Author: Ben Birnbaum (benjamin.birnbaum@gmail.com)
Contributors: Faisal Lalani (flalani@dimagi.com), Brian DeRenzi (bderenzi@dimagi.com)
This is a Python implemention of the Multinomial Model Algorithm (MMA) for outlier detection in survey responses. It works by comparing a set of answers by a particular interviewer to the set of answers by fellow responders. Based on how similar this observed distribution is to the expected, an outlier score is given to the interviewer & question pair.
For a deeper understanding of the functionality, refer to the following papers:
B. Birnbaum, B. DeRenzi, A. D. Flaxman, and N. Lesh. Automated quality control for mobile data collection. In DEV ’12, pages 1:1–1:10, 2012.
B. Birnbaum. Algorithmic approaches to detecting interviewer fabrication in surveys. Ph.D. Dissertation, University of Washington, Department of Computer Science and Engineering, 2012.
(See http://bbirnbaum.com/publications/ for PDF versions of these papers.)
The primary input for the algorithm is a csv file containing survey responses, formatted as follows:
interviewer_id | question_a | question_b |
---|---|---|
1 | answer_1a | answer_1b |
2 | answer_2a | answer_2b |
3 | answer_3a | answer_3b |
The distribution of answers from Interviewer 1 are compared to the distribution of answers from both Interviewers 2 & 3. Likewise for Interviewer 2 with the answers of 1 & 3 and for Interviewer 3 with 1 & 2.
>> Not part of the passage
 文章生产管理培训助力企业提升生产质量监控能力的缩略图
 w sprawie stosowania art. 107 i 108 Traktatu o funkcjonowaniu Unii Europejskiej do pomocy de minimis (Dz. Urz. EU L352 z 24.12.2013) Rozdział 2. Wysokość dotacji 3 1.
- Python [3.9 - 3.10] versions are supported
- Once you've downloaded or cloned this repository, you need to first make sure the necessary libararies are installed on your machine. We recommend you do this by running the following command:
pip install -r requirements.txt
Optionally, the library is also available to be installed globally, using the following command:
python3 setup.py install
Build the Docker image:
docker build . -t outlier-detect:latest
Execute a calculation:
docker run -v $PWD:/src outlier-detect:latest python example.py
-
Once the proper libraries have been installed, open the repository on your code editor of choice.
-
Before proceeding, ensure that you have correctly formatted input data. You can see the previous section of what that looks like, or use the given example_data.csv file. If you choose to use your own personal data, there are specific variables you will have to overwrite:
# The name of the input file:
DATA_FILE = 'example_data.csv'
# The questions of the survey you wish to analyze:
QUESTIONS = ['cough', 'fever']
- Once the input data and the variables pertaining to it are configured, run the file:
python3 example.py
- The final output should resemble the following format:
MMA outlier scores
1
Question: question_a
Score: 15
The algorithm provides some extra functionality to get more out of the results.
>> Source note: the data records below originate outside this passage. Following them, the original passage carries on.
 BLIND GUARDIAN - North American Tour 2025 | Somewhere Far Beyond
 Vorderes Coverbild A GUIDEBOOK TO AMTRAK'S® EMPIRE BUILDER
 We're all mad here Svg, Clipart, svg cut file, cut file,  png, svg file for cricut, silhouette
- If there is a specific survey response you wish to ignore, such as blanks, you can add it as an additional parameter when running the MMA algorithm:
# Compute MMA outlier scores.
# The final parameter is a list of strings you want the algorithm to ignore when comparing distributions.
# In this case, the algorithm will ignore blanks.
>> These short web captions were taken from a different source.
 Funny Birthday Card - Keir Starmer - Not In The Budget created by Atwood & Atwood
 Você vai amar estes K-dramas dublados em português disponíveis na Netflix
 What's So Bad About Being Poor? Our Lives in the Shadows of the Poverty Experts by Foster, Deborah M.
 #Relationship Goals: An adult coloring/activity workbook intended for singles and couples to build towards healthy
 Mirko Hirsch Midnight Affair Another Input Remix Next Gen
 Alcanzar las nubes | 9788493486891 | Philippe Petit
(mma_scores, _) = outlierdetect.run_mma(data, 'interviewer_id', QUESTIONS, [' '])
- The algorithm can return more than just the generated score for an interviewer/question pair; the observed distribution (the interviewer's answers), the expected distribution (everyone but the interviewer's answers), and the p-value can also be outputted:
# The following lines are commented out in the script.
# Uncomment to output these as well.
observed_frequencies = scores[interviewer][column]['observed_freq']
expected_frequencies = scores[interviewer][column]['expected_freq']
p_value = scores[interviewer][column]['p_value']
print("Observed Frequencies: %s" % observed_frequencies)
print("Expected Frequencies: %s" % expected_frequencies)
print("P-Value: %d" % p_value)
- The algorithm runs on questions individually, which means that you can load a smaller number of questions at a time. This is recommended for projects that have a large amount of data, as attempting to run the algorithm on it may lead to performance hiccups.